+++ Recorded information +++
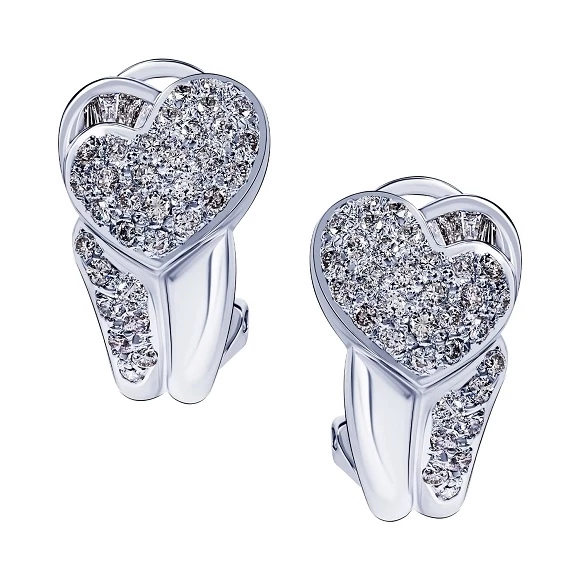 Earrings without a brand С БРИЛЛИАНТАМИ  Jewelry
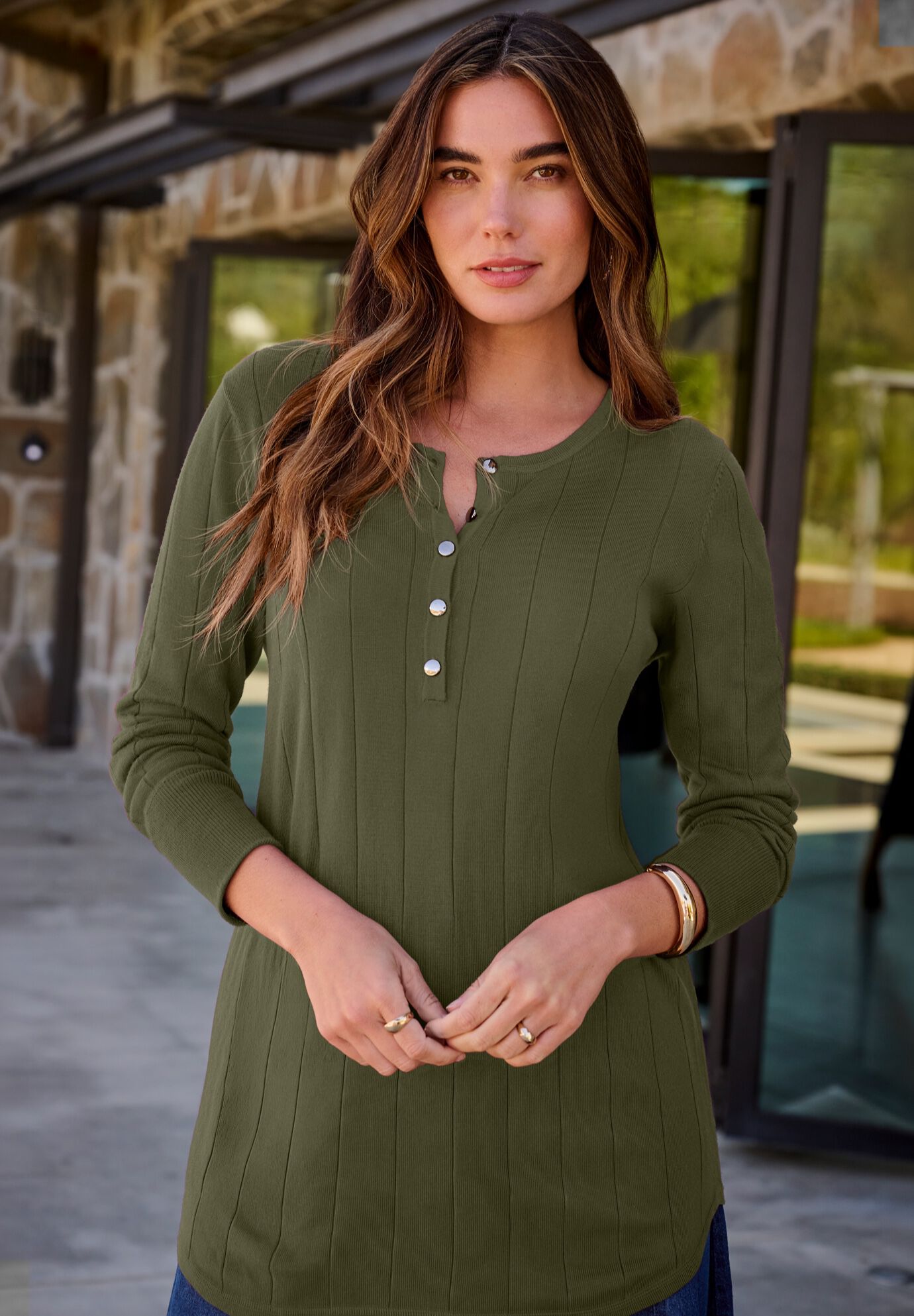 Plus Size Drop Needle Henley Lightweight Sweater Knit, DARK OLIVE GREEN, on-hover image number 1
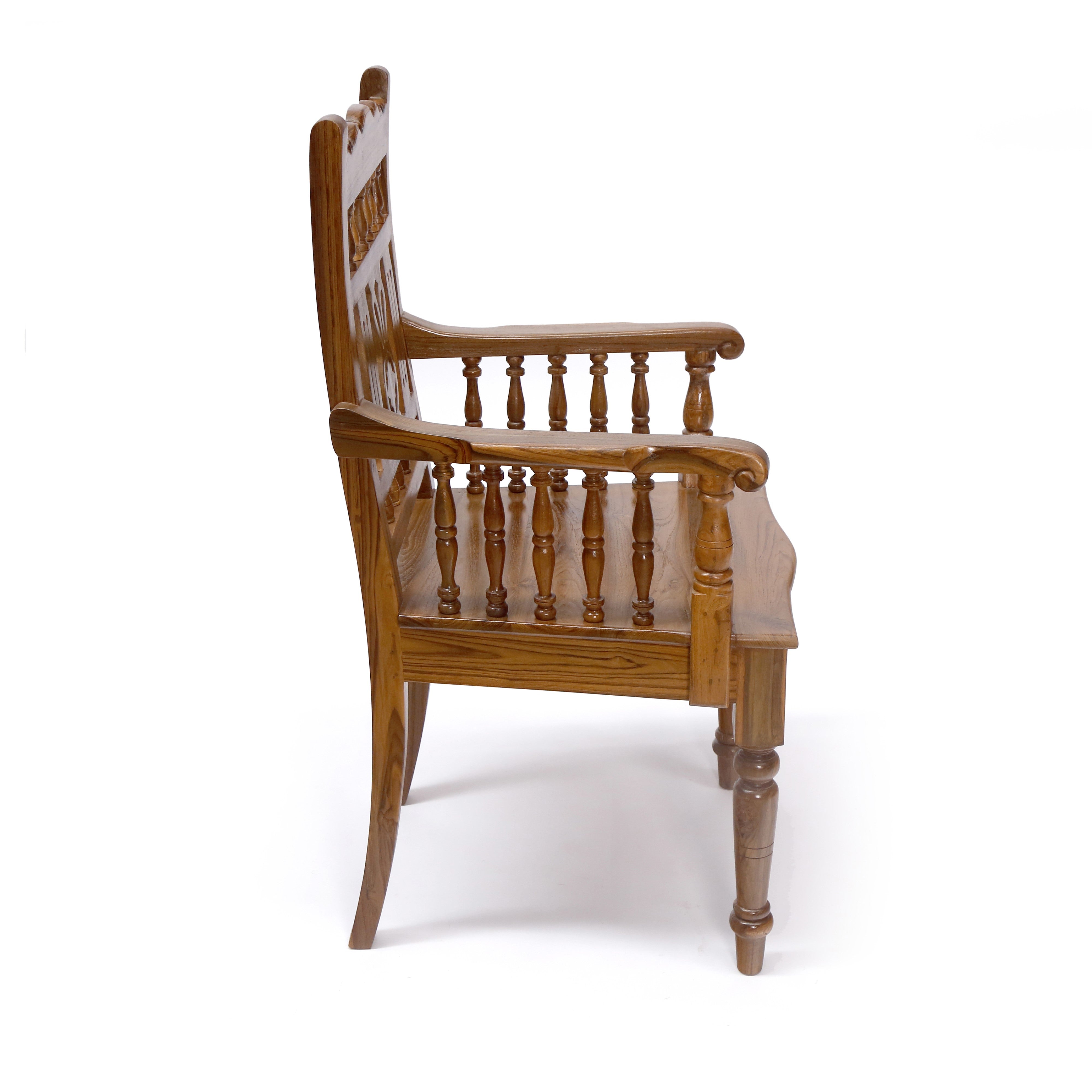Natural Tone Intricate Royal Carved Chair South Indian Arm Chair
+++
• [Problem requirements]: What is wanted is the listing, written out exactly, with each picture removed.

• [Answer section]:
 Earrings without a brand С БРИЛЛИАНТАМИ  Jewelry
 Plus Size Drop Needle Henley Lightweight Sweater Knit, DARK OLIVE GREEN, on-hover image number 1
Natural Tone Intricate Royal Carved Chair South Indian Arm Chair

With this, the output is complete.